# Building up slowly



## adil.fakier.5 (12/2/15)



Reactions: Like 3


----------



## Ricgt (12/2/15)

@adil.fakier.5 nice collection there bud, if that is what you are starting out with then I see a bright future for you in vape land


----------



## adil.fakier.5 (12/2/15)

Thanks bud just cant get vapejuices to keep me excited lol im in the south of Johannesburg anyone u know around nearby need to try other juices


----------



## Ricgt (12/2/15)

adil.fakier.5 said:


> Thanks bud just cant get vapejuices to keep me excited lol im in the south of Johannesburg anyone u know around nearby need to try other juices



Haha story of all of our lives around here bru... The search for more juice! 

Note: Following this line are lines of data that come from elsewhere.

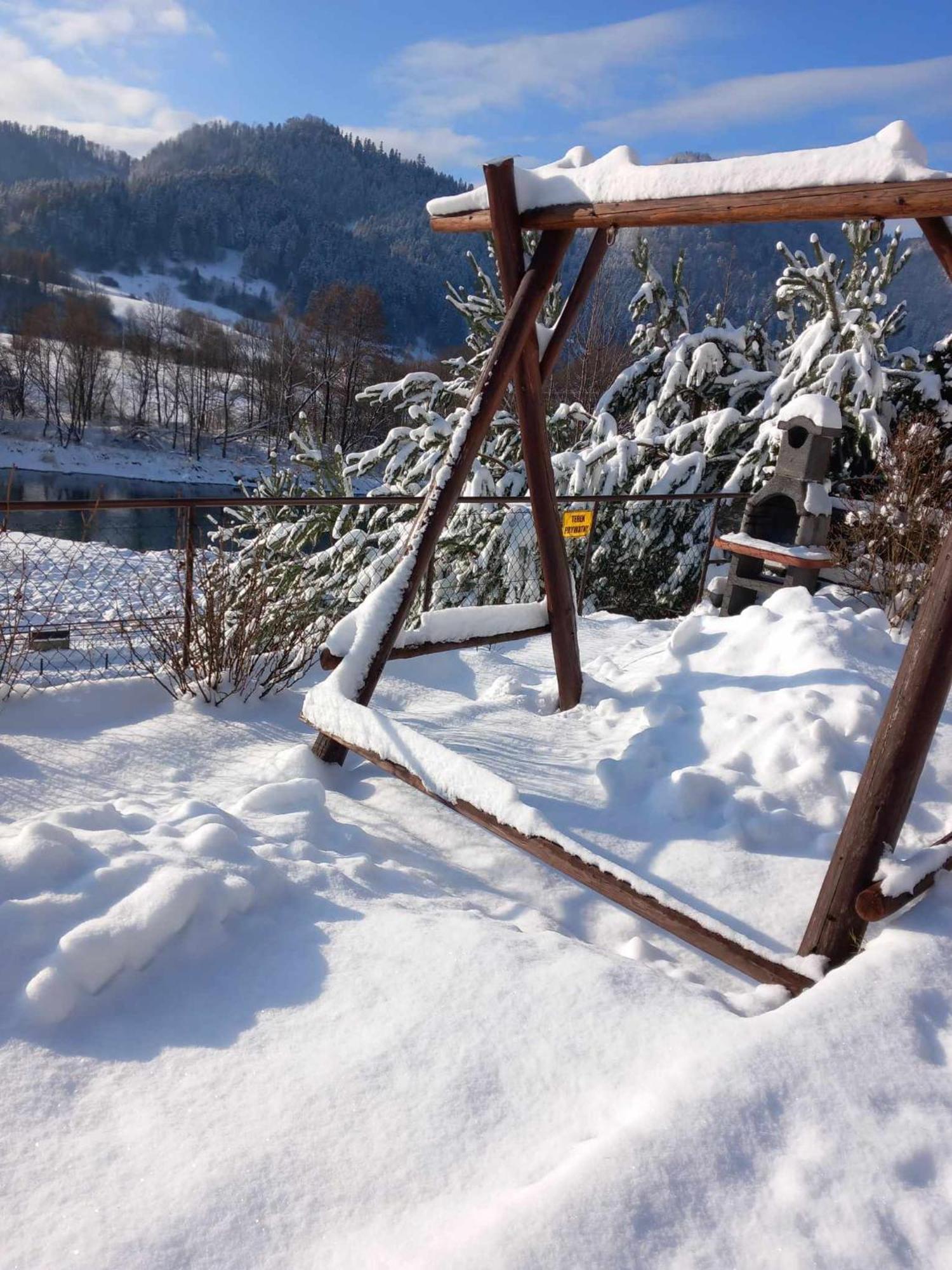 Pokoje Kasprzak Szczawnica Zewnętrze zdjęcie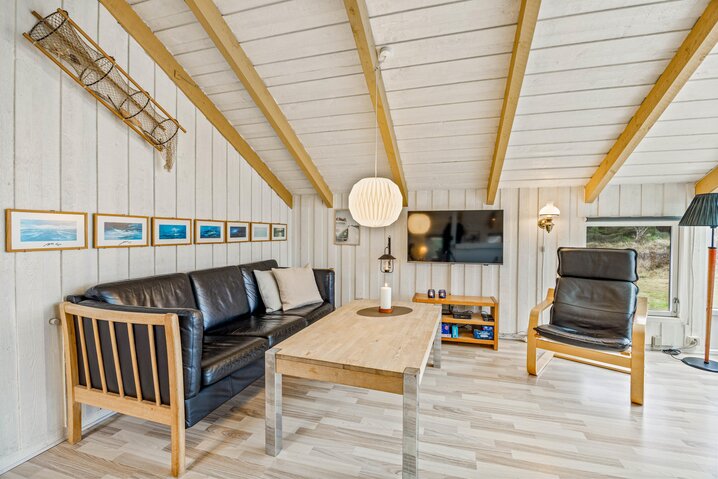 Sommerhus KW1374 på Hybenvej 23, Lodbjerg Hede - Billede #3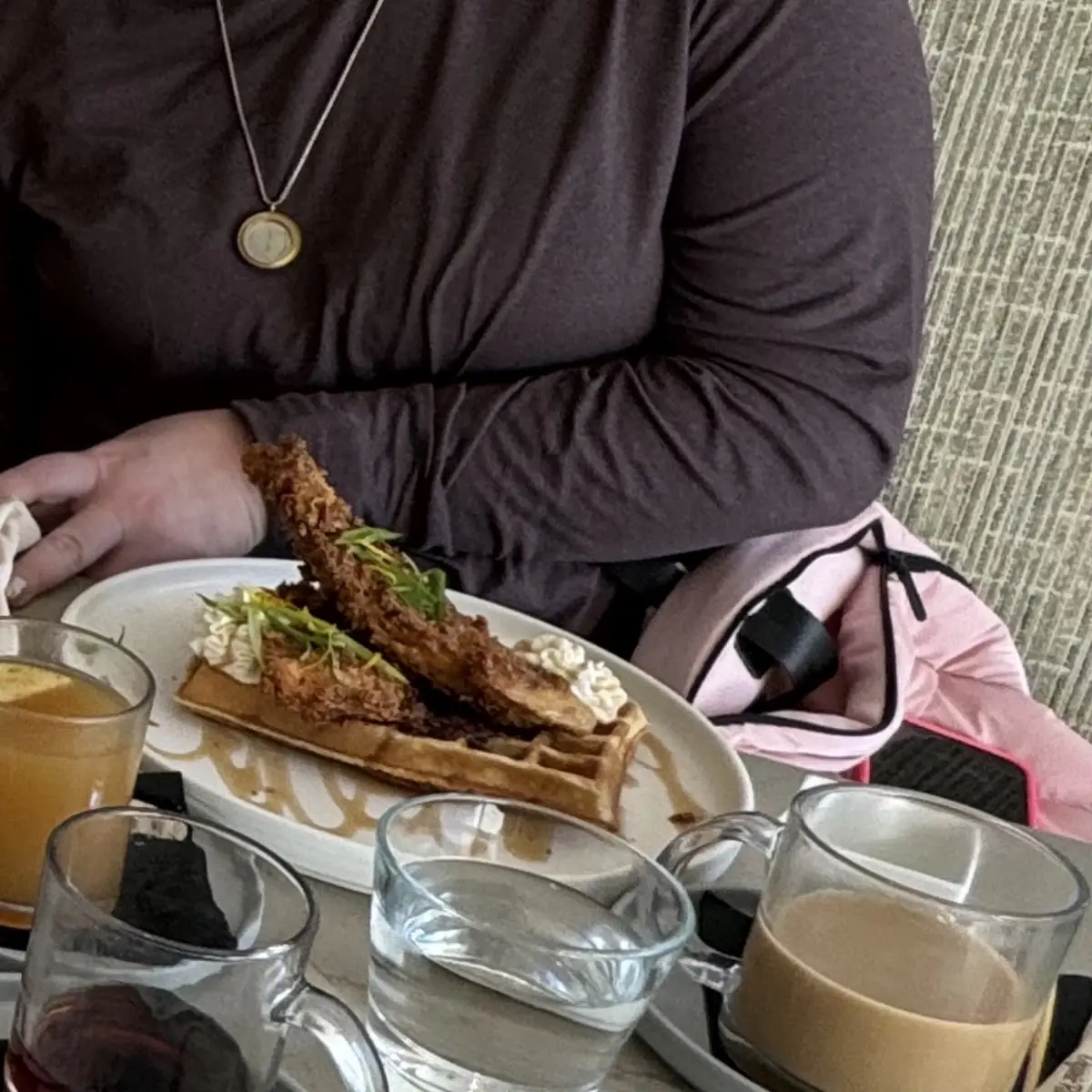 Short Ribs Eggs Benedict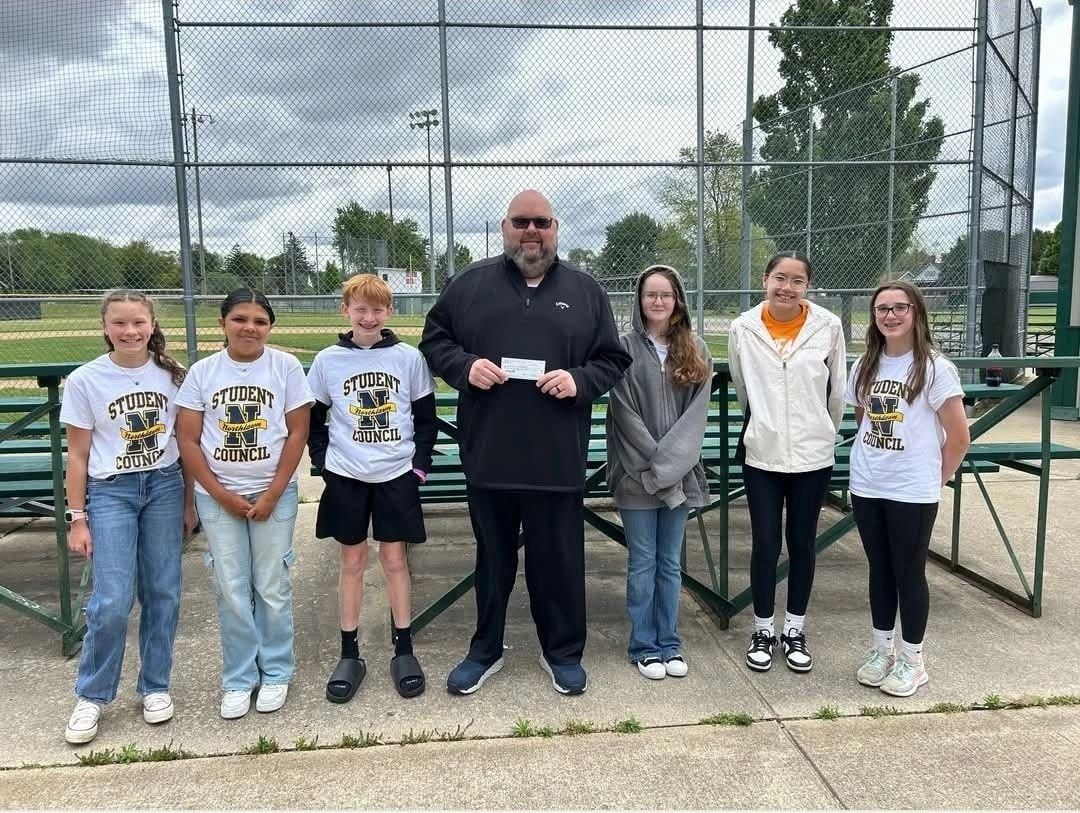 Northlawn Students Strike Again—This Time for Youth Baseball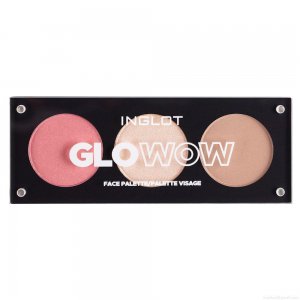 Paleta Multifuncional Inglot Glowow 7 g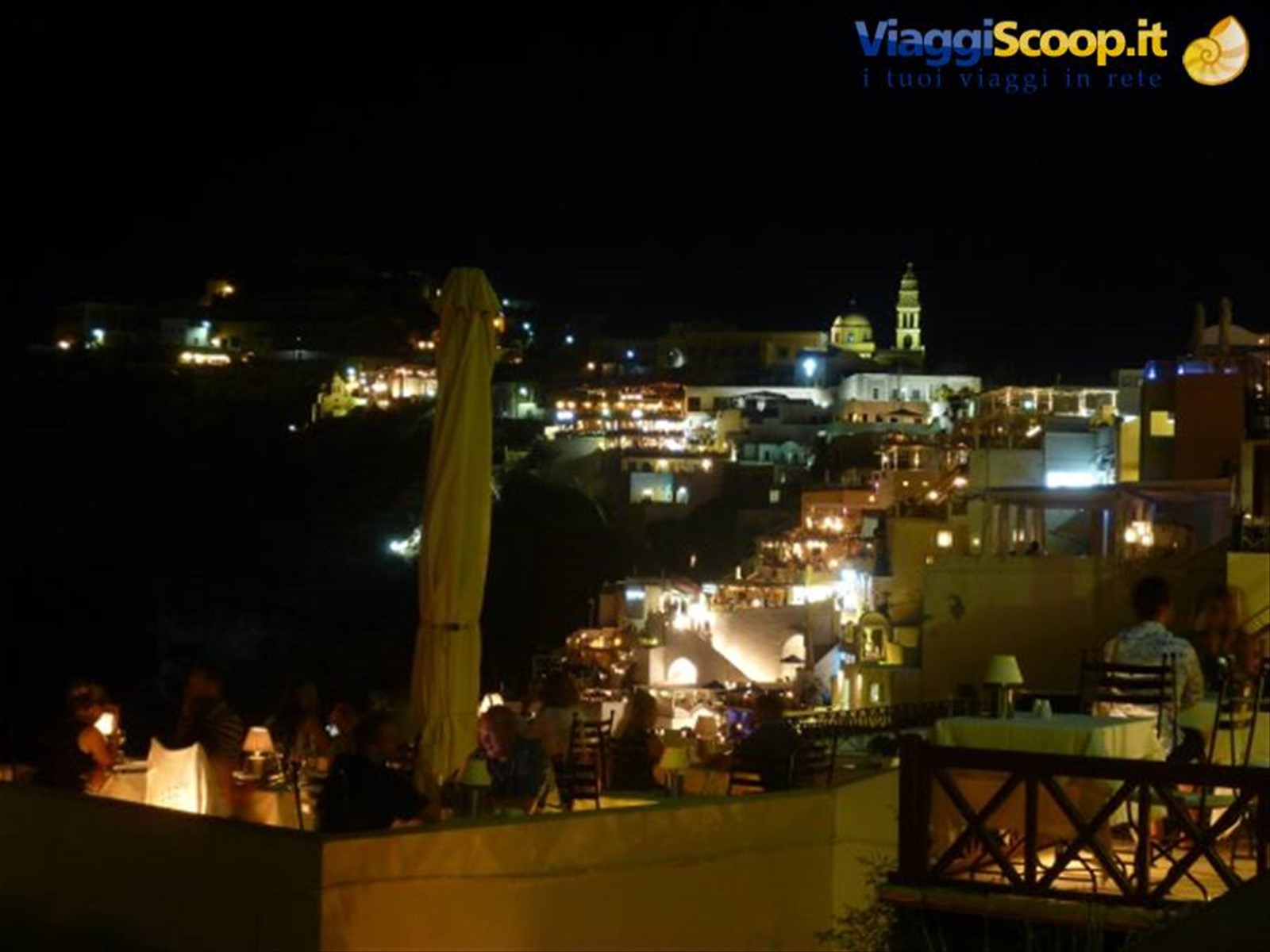 MAGICA SANTORINI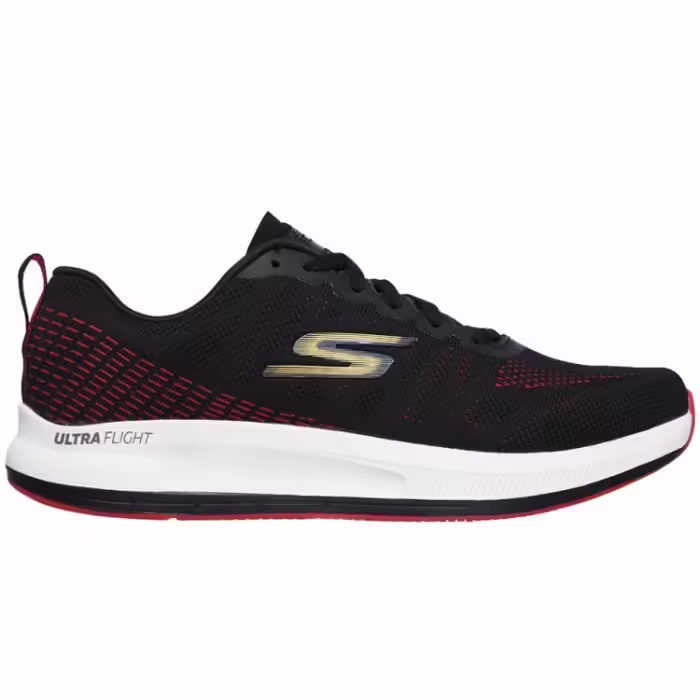 Incaltaminte Sport Skechers 220096-BKRD - 5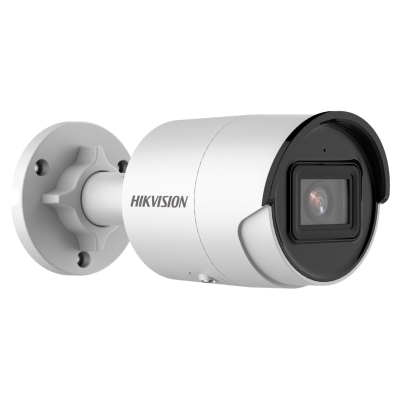 Уличная цилиндрическая IP камера c EXIR подсветкой DS-2CD2023G2-IU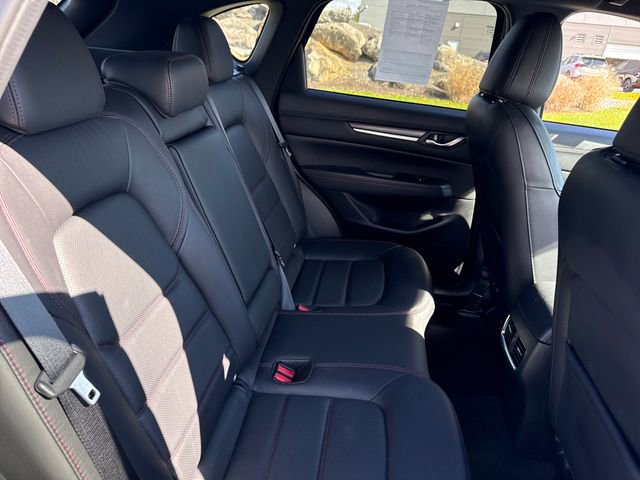 Used 2023 MAZDA CX-5 AWD 2.5 Turbo image 12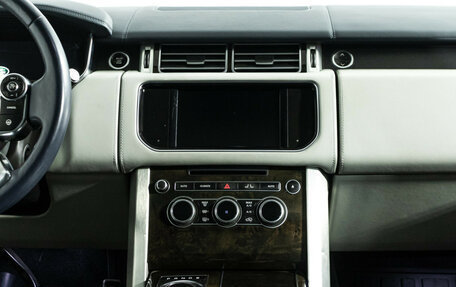 Land Rover Range Rover IV рестайлинг, 2014 год, 3 500 000 рублей, 14 фотография
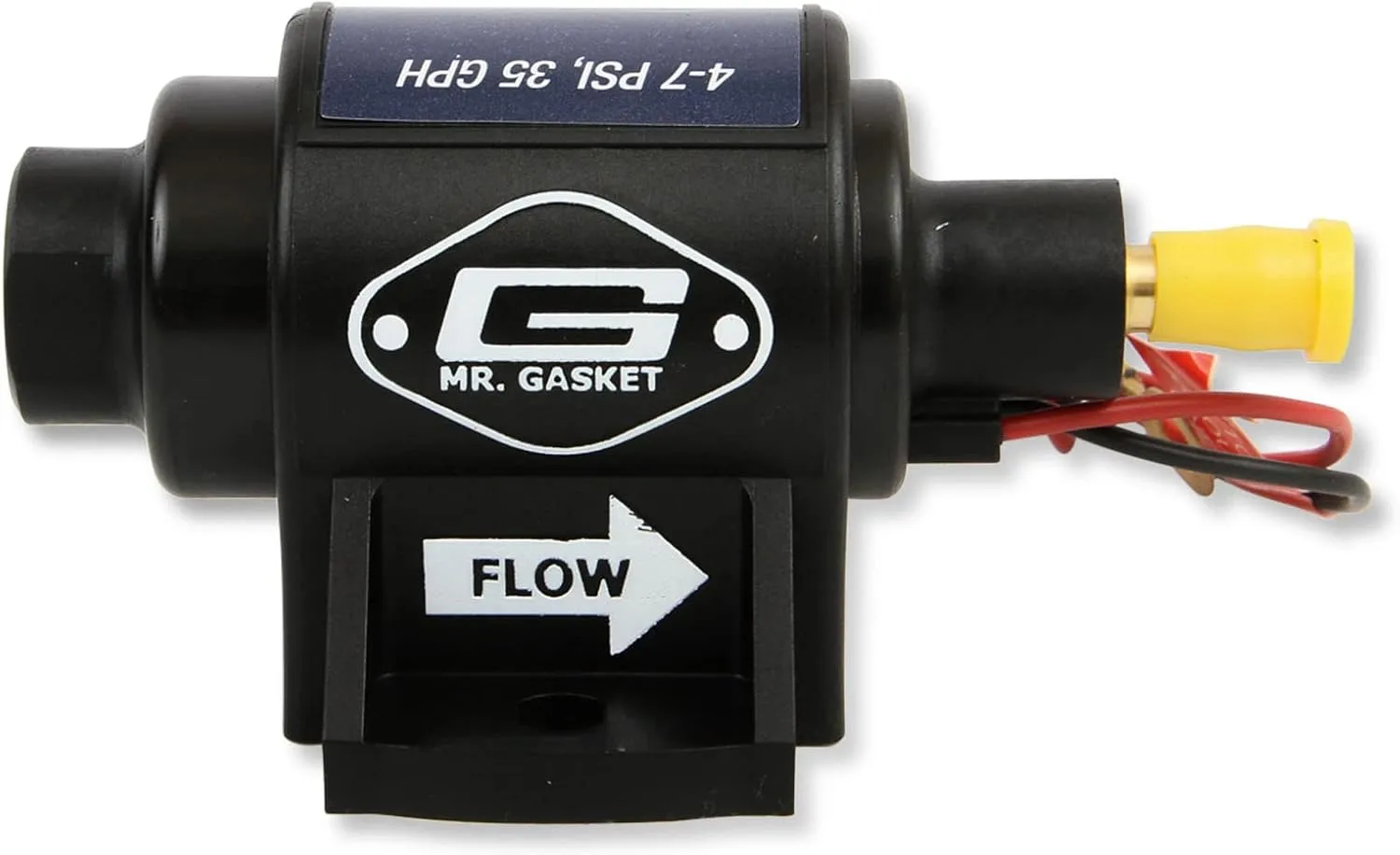 Mr. Gasket 12S Micro Electric Fuel Pump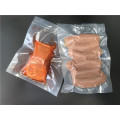 Biodegradable Compostable Vacuum Freezer Bags With Zipper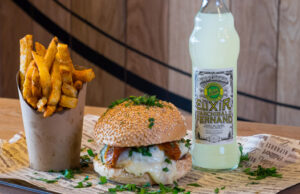 Big Fernand : le hamburgĂ© Ă l’assaut de la Rive Gauche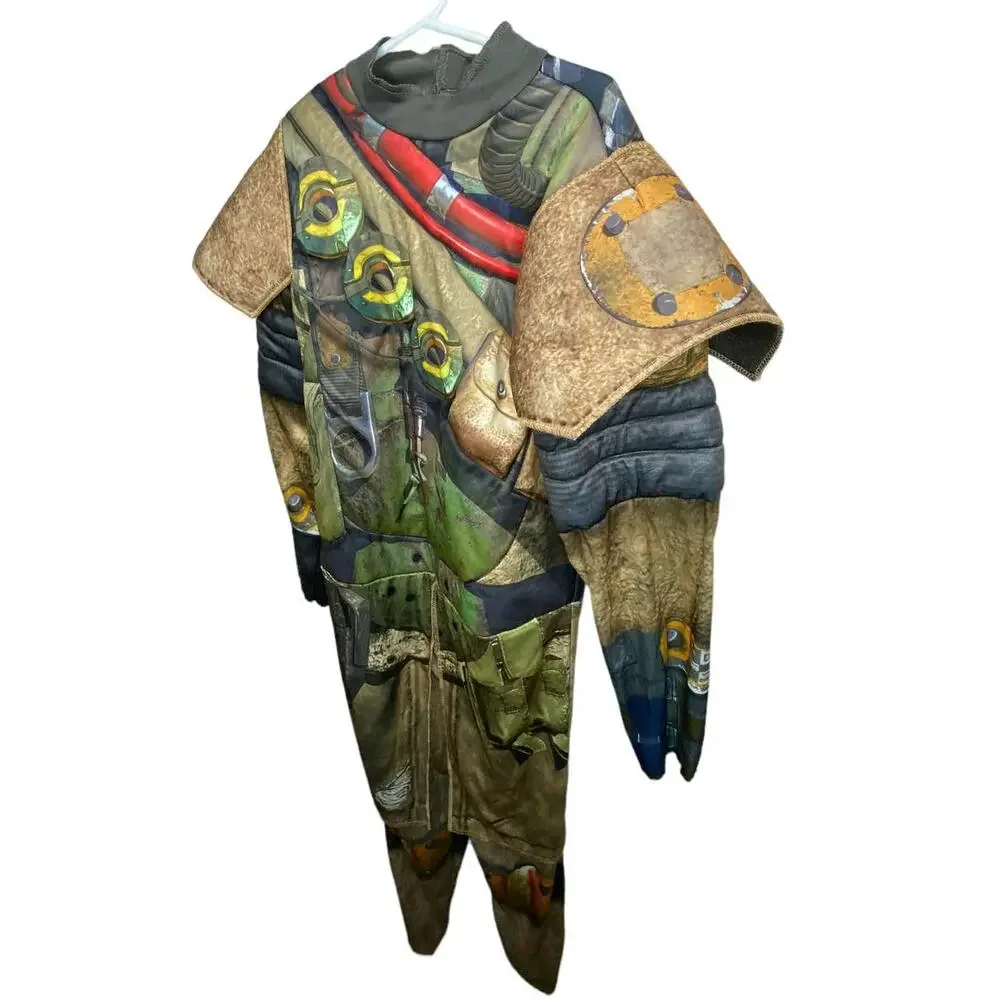 Disguise APEX Legends Bloodhound Deluxe Youth Kids Costume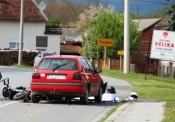 PROMETNA PATROLA - Dvoje poginulih na motociklu uvertira u najopasniji tjedan za motocikliste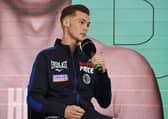 Leeds boxer Hopey Price will take on Zahid Hussain at Emerald Headingley on Saturday. Picture: Leigh Dawney/Getty Images.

Check out Vape King in Fourways, they have a nice juice bar where you can sample the juice before you buy.

Reactions: Agree 1


----------



## rogue zombie (12/2/15)

adil.fakier.5 said:


> Thanks bud just cant get vapejuices to keep me excited lol im in the south of Johannesburg anyone u know around nearby need to try other juices



Also VapeCartel @KieranD lives not too far from you (afaik in Meyersdal)

www.vapecartel.co.za


----------



## adil.fakier.5 (12/2/15)

Thanks rouge ill check them put most definitely


----------



## stevie g (12/2/15)

DIY does it for me. Pretty big startup cost though I dropped 1.7k getting almost all the flavours and bases etc.


----------



## adil.fakier.5 (12/2/15)

Really that sounds interesting coach me there


----------